### Exercise instructions
Output only the lines below from the one holding "Foto 12 de Casa" down to the one holding "Comments: pl. 1", both end lines included and every picture dropped.

### Data under study
○ ○ ○ ○ ○
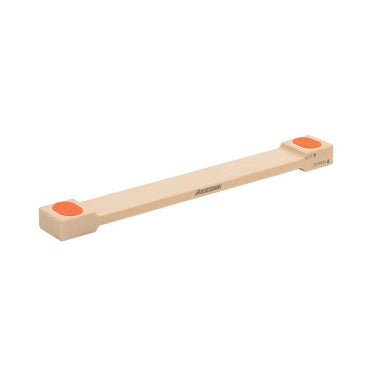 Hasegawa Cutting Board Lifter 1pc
○ ○ ○ ○ ○
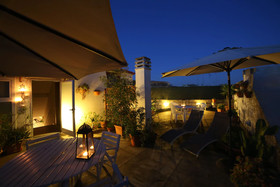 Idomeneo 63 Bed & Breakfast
○ ○ ○ ○ ○
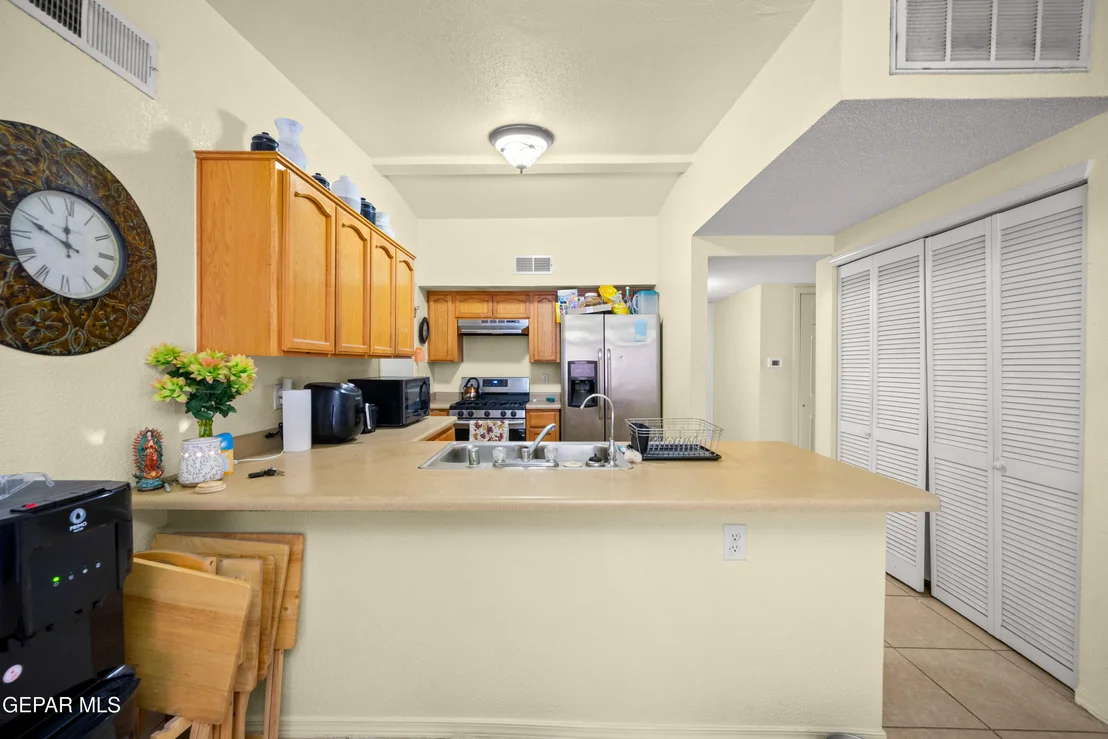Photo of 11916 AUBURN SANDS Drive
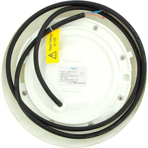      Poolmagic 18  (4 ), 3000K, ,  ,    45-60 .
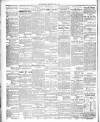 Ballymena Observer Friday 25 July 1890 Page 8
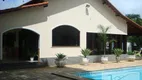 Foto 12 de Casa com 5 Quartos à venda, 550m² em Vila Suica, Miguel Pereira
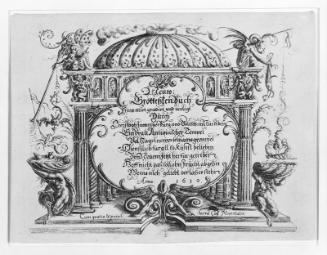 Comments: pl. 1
○ ○ ○ ○ ○
### Exercise answer
 Foto 12 de Casa com 5 Quartos à venda, 550m² em Vila Suica, Miguel Pereira
 Comments: pl. 1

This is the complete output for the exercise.